DATA BLOCK:
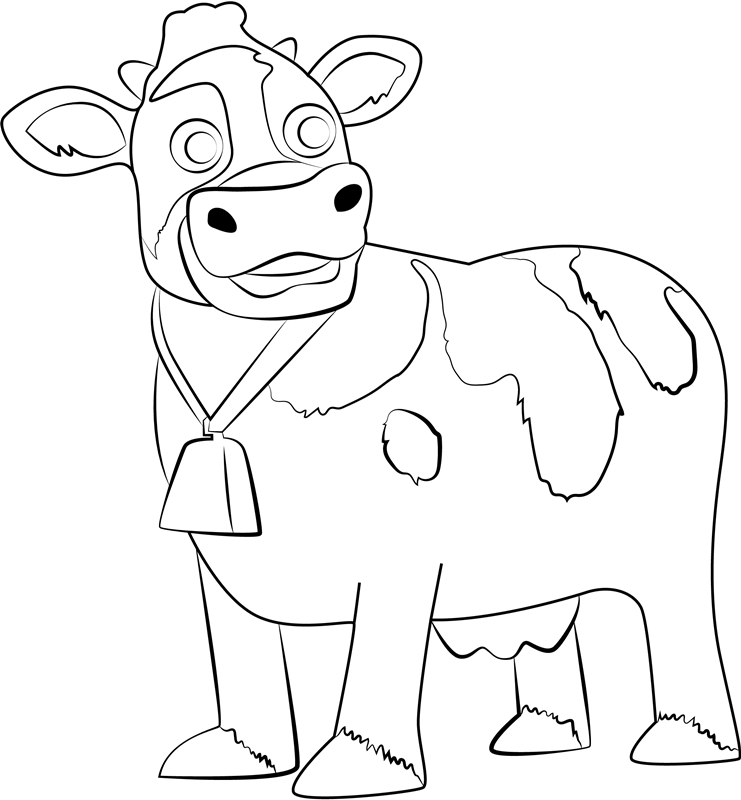 Dibujo de Bettina en la Patrulla Canina para Colorear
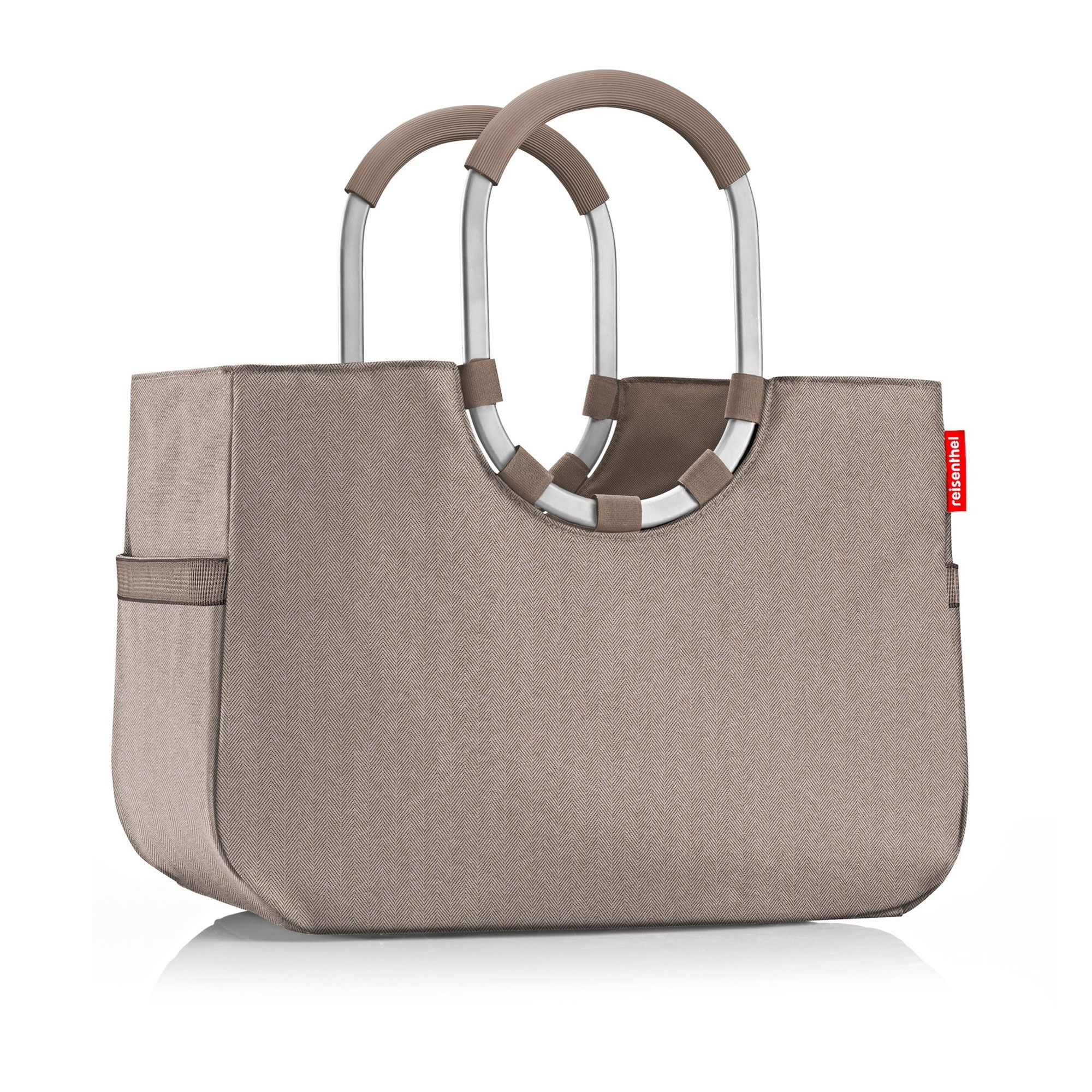 reisenthel - loopshopper L - herringbone mokka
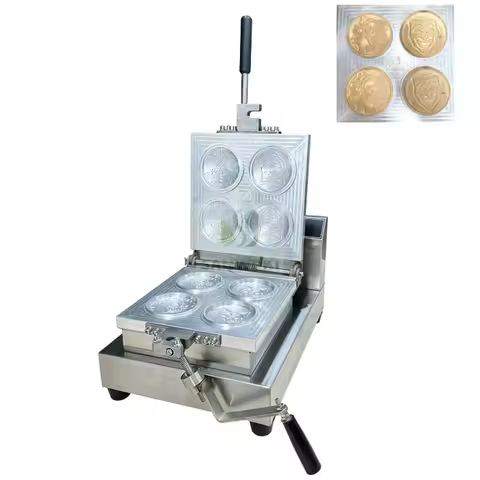 Commercial UFO Burger Gelato Panini Press Making Machines Ice Cream Hamburg Maker UFO Burger Machine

EXERCISE GOAL:
Each line above must be set down exactly, though no picture should be carried over.

COMPLETED EXERCISE:
 Dibujo de Bettina en la Patrulla Canina para Colorear
 reisenthel - loopshopper L - herringbone mokka
 Commercial UFO Burger Gelato Panini Press Making Machines Ice Cream Hamburg Maker UFO Burger Machine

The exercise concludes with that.